Gerichtshof verurteilt Deutschland Sexualtäter bekommt 12.000 Euro
28.06.2012, 16:04 UhrWeil ein gefährlicher Straftäter nach dem Absitzen seiner Haft weiter im Gefängnis festgehalten wurde, bekommt er nun Schmerzensgeld vom Staat. Der Europäische Gerichtshof für Menschenrechte verurteilte Deutschland zu der Zahlung.

(Foto: dapd)
Deutschland muss einem in Sicherungsverwahrung untergebrachten Sexualstraftäter 12.000 Euro Schmerzensgeld zahlen. Dies ordnet der Europäische Gerichtshof für Menschenrechte. Das Straßburger Gericht rügte, dass der Mann nach seiner Entlassung aus einer psychiatrischen Anstalt trotz festgestellter schwerer psychischer Störungen im Gefängnis untergebracht worden war. Dies widerspreche einem Urteil des Bundesverfassungsgerichts über die Bedingungen der Sicherungsverwahrung.
Der in seinem Heimatland Rumänien einschlägig vorbestrafte Mann hatte zwischen 1991 und 1995 in Deutschland eine Reihe von Überfällen und Sexualstraftaten begangen. Unter anderem misshandelte er sowohl seine Ehefrau als auch seine Geliebte. Er prügelte die Frauen, würgte sie und fügte ihnen schwere Verletzungen im Gesicht und Genitalbereich zu. Seine Ehefrau zwang der Mann auch zur Prostitution.

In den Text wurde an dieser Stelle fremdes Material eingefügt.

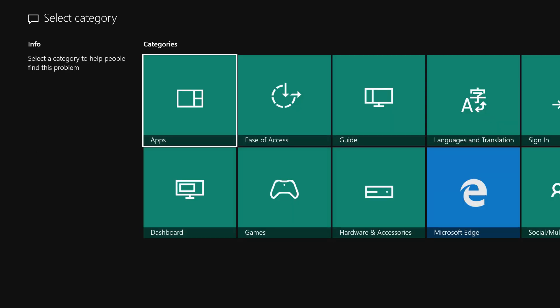This takes us to a Select Category screen. From this screen, click a tile that represents the feature area associated with the problem you are trying to report. Just for this example, we are going to select the Apps tile.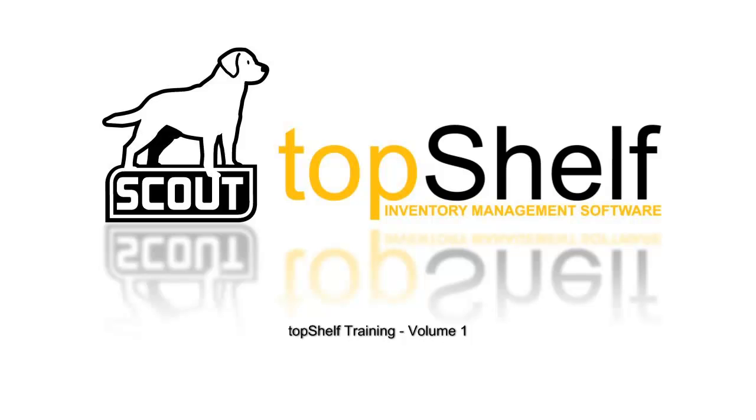Hi, this is Brian Gilman with Scout Support. In this video we're going to cover some of the basics around the Top Shelf inventory management application.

Im Februar 1996 erkannte ein Gericht in München den Mann für strafrechtlich unzurechnungsfähig und ordnete seine Inhaftierung in einer psychiatrischen Einrichtung an. 2007 wurde seine Unterbringung in der geschlossenen Psychiatrie beendet. Danach ordnete das Landgericht München seine Unterbringung im Gefängnis von Straubing an, wo er noch heute einsitzt. Begründet wurde dies mit der Gefahr, der Mann könne erneut straffällig werden und Frauen angreifen. Das Gericht berief sich dabei auf Gutachter, die ihn als asozial, psychisch gestört und sexuell sadistisch beschrieben.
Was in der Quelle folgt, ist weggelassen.